Tak, cały wsad wymieniony zgodnie z różnorakimi instrukcjami oraz poradnikami i kolejnością wkładania elementów, dekiel wysprzęglika założony na sprężynę, zawleczki poskładane oraz pozaginane (trochę "pary" w rękach mam, więc jakiegoś super problemu nie było żeby docisnąć dekiel ze sprężyną i włożyć zawleczki, poszło nawet łatwiej z tym niż myślałem choć paluchy bolały :> ) Palec na miejscu, popychacz na miejscu. Linka jak i łapa od nich pracuje poprawnie, popychacz się porusza przy naciśnięciu klamki. Zerknę jutro jak wrócę z pracy co z tym automatem czy jest na miejscu wszystko i dam znać jak to wygląda, postaram się też zrobić parę zdjęć i wrzucić szanownemu gronu do oceny jak to wygląda. Na co zwracać głównie uwagę przy ocenie automatu tak btw?


RE: Gdańska 205-tka - nie przenosi napędu - bkrukl - 05-06-2020 16:59:15

Na luzy i czy polączone ze sobą jest wszystko, co połączone być powinno :-)


RE: Gdańska 205-tka - nie przenosi napędu - buras_tft - 05-06-2020 17:17:42

(05-06-2020 16:59:15)bkrukl napisał(a):  Na luzy i czy polączone ze sobą jest wszystko, co połączone być powinno :-)

Ok, machnę wieczorem jakieś parę filmików i artykułów dotyczących automatu i jutro będę badał pacjenta Smile Mam nadzieję, że tylko coś "wyskoczyło" i da się to zrobić, bo jak zobaczyłem ceny nowych automatów to się przeraziłem loo
Dzięki za trop, jutro dziada odkręcę i dam znać co i jak Smile


RE: Gdańska 205-tka - nie przenosi napędu - bkrukl - 05-06-2020 17:43:24

Wątpie ze to automat ale popatrz. Mógł sie rozczepic wodzić od automatu.
Bardziej chyba bym obstawiał ukręcony wałek zdawczy. No ale pozaglądaj.
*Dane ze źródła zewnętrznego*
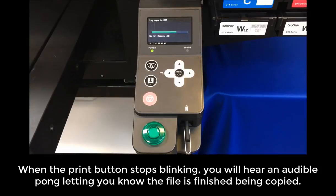When the Print button stops blinking, you'll hear an audible ping letting you know the file is finished being copied.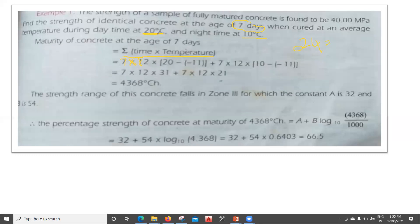For the daytime portion: 7 × 12 × (20 − (−11)), using −11°C as the standard reference temperature from Plowman's experiment. For the nighttime portion: 7 × 12 × (10 − (−11)). Adding both contributions gives a total maturity of 4368 degree-Celsius hours.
RE: Gdańska 205-tka - nie przenosi napędu - arturwietnamczyk - 06-06-2020 10:32:56

Podejrzewam ukręcony frez zębatki zdawczej,


RE: Gdańska 205-tka - nie przenosi napędu - buras_tft - 07-06-2020 19:31:39

(06-06-2020 10:32:56)arturwietnamczyk napisał(a):  Podejrzewam ukręcony frez zębatki zdawczej,

Szanowne grono!
Jak obiecałem poszedłem dziś sprawdzić temat automatu, zębatki i wałka.
Rozbebeszyłem wszystko z prawej strony i zacząłem przegląd automatu. Co prawda na łączeniu dźwigni z łapą ma luz w pionie ale podkładka dodatkowa i powinno zniwelować. Tak czy siak wodzik na śrubę od biegu założony, biegi na choince przesuwa (czuć i słychać przeskok). Zdjąłem automat i zabrałem się za inspekcje zębatki. Zablokowałem go na biegu, odkręciłem i moim oczom ukazał się widok zębatki obracającej się mimo zblokowanego biegu. Zdjąłem ją... i na wewnętrznej stronie nie było na niej w ogóle frezu Big Grin Na wałku frez jak z fabryki, zębatka od wewnątrz za to gładka jak niemowlę Big Grin
Pozdrawiam poprzedniego właściciela, który to tak założył, aż dziw że to się przemieszczało Smile
Proszę, potwierdźcie tylko moje przypuszczenia że to wina tej zębatki Smile
Wstawiam również zdjęcie zębatki (przepraszam za syf w środku, jutro to wyczyszczę na błysk - po wczorajszej grze w scrabble ze znajomymi i paru drinkach w tym wieku człowiek nie ma zbytnio siły na dzień następny :> )


RE: Gdańska 205-tka - nie przenosi napędu - bkrukl - 07-06-2020 19:35:13

Poprzedni właściciel mógł zalożyć z ząbkami. Ale że pewnie chińska była to ząbki ładne zebrało :-)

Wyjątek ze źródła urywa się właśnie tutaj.